Impact on many sectors
The decision will have an impact on companies engaged in the manufacture of footwear and textiles as also those in the e-commerce business.
“We affirm the view of the Madras High Court and disapprove of the view of the Gujarat High Court,” a Division Bench of Chief Justice Dhananjaya Y Chandrachud and Justice MR Shah observed, while disposing of a bunch of 14 petitions.
The Gujarat High Court had held that refund of input services was admissible while the Madras High Court had ruled against it. The apex court upheld the amendments made to Rule 89 (5), restricting such refund only for inputs and said that it is not ultra vires of Section 54 of the GST Act. It also observed that the intention of the government is to grant such credit only for inputs and the Court cannot enter into the policy domain of the government and direct the sanction of refund for input services also.
According to experts, though there will be an impact, the ruling has not closed options for the players.
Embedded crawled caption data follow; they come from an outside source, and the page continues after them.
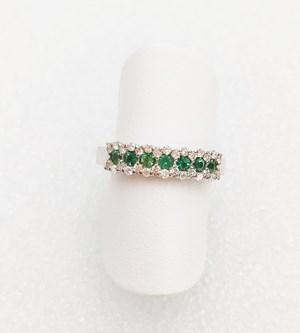 Anello fedina in oro bianco con sette smeraldi e diamanti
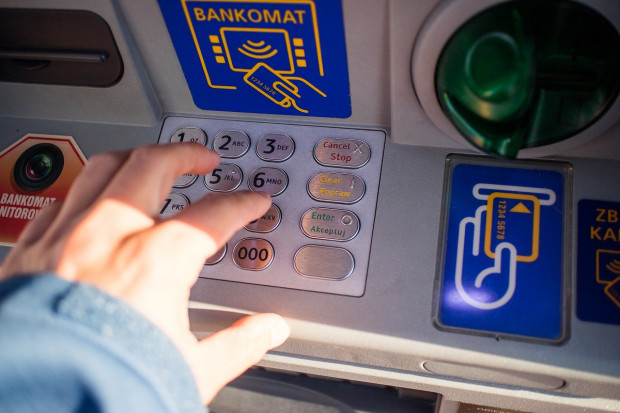 Właściciel apteki uważał, że faktu lokalizacji bankomatu w witrynie aptecznej nie można utożsamiać z prowadzeniem w aptece działalności gospodarczej o charakterze odmiennym niż ochrona zdrowia publicznego (fot. Pixabay) Bankomat w aptece? To nie przejdzie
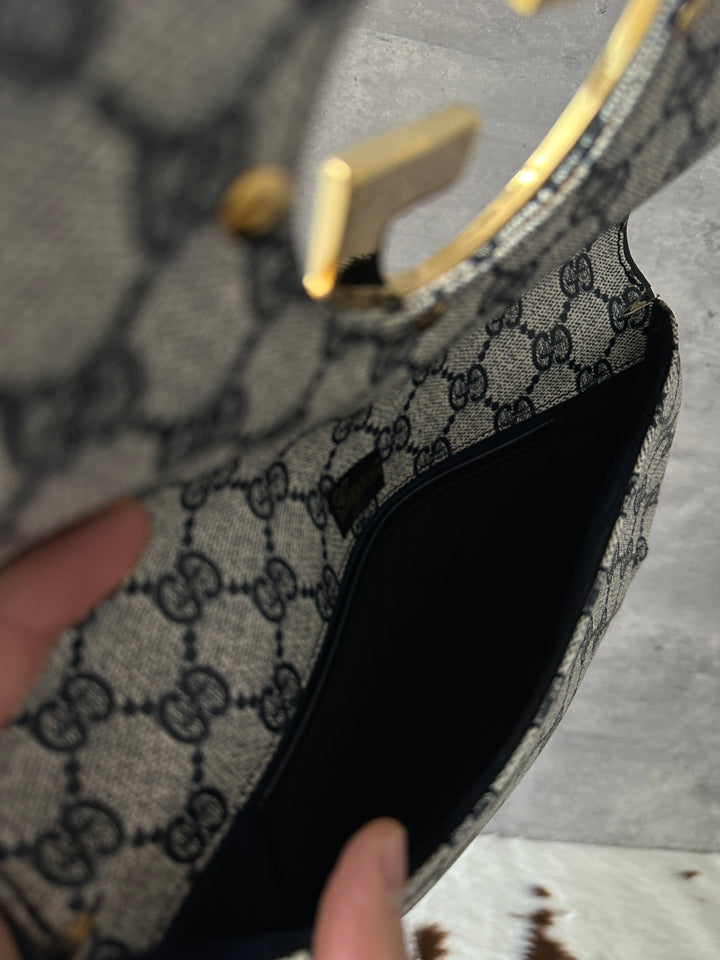 Gucci “GG Monogram Clutch with Oversized Gold Logo” ✨ | Convertible Crossbody & High-Value Classic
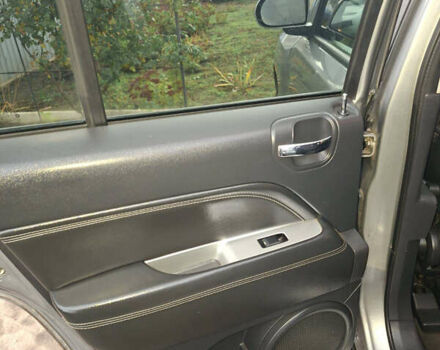 Серый Джип Компас, объемом двигателя 2 л и пробегом 280 тыс. км за 10500 $, фото 11 на Automoto.ua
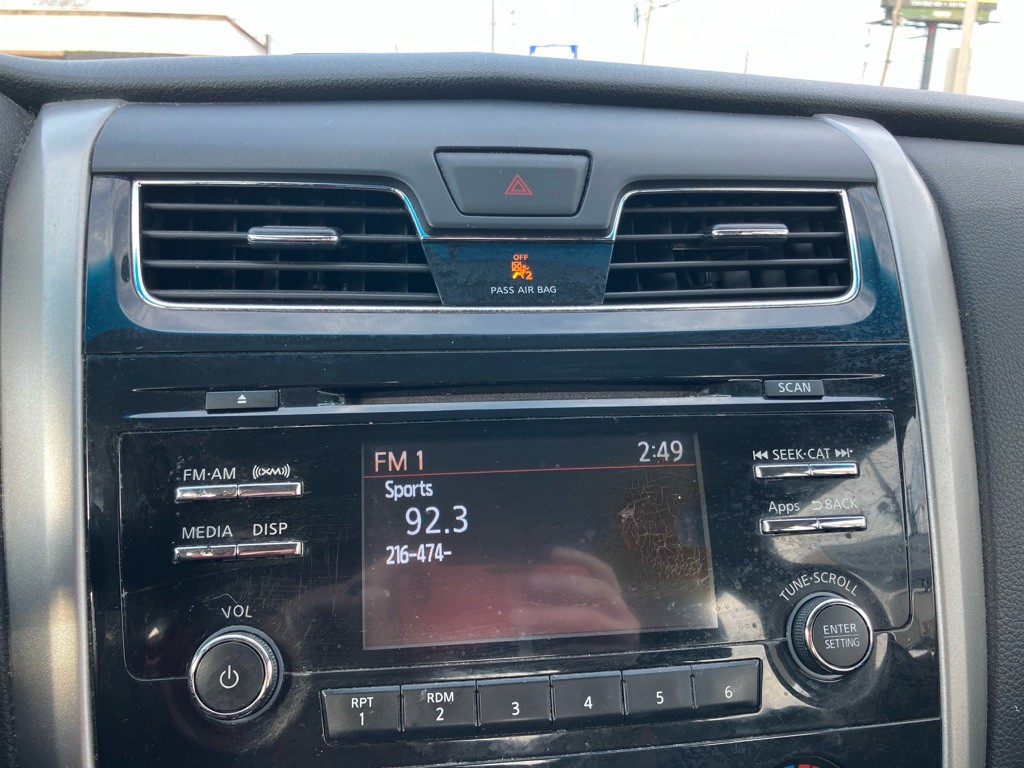 2015 Nissan Altima Image 14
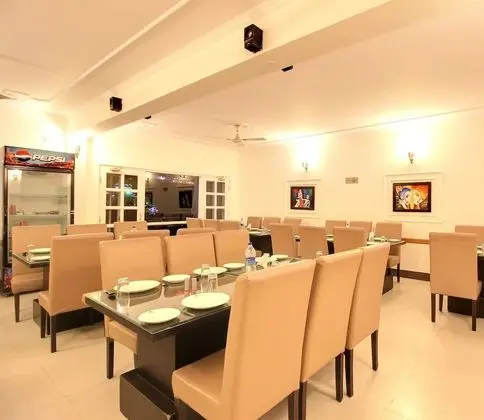 Neelesh Inn - A Luxury Lake view Hotel - Yerinde Yemek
On behalf of intervenors, G Natarajan, an advocate from Chennai, made an alternative plea before the Supreme Court that the input services credit must first be allowed to be used to pay tax on the inverted rated supplies though the formula mandates the entire tax liability is paid only out of input credit, so as to keep the refund entitlement to the minimum. The Court observed that “In making such an assumption the formula tilts the balance in favour of the Revenue by reducing the refund granted. We are equally cognizant of the fact that the proposed solution, that is, prescribing an order of utilisation of the ITC accumulated on input services and inputs, may tilt the balance entirely in favour of the assesses.”
Further, it strongly urged the GST Council to reconsider the formula and take a policy decision on it.
Tushar Aggarwal, Founder Partner, Tattvam Advisors, said: “The decision will impact footwear, solar power, textile, EPC and various other industries that are under the inverted duty structure and have substantial ITC of input services.”
Will end litigations
Aditya Singhania, Founder, Singhania’s GST Consulatncy & Co, said that the verdict puts an end to the litigation that were arising pan-India seeking refund on input services also. Yet, it’s not a dead loss for taxpayers as the credit remains alive in their credit ledger.
Though the judgment gives the GST Council the room to relook the formula prescribed under Rule 89(5), to propose a mechanism by which the ITC on input services, otherwise not eligible for refund, is utilised first even while reducing the tax payable on the inverted rated supply of goods and services. “However, it appears that unless such a mechanism comes into place, the ruling will have some influence on the prices to the end-consumers as the GST on these input services seems to get offloaded on the end-consumers,” he said.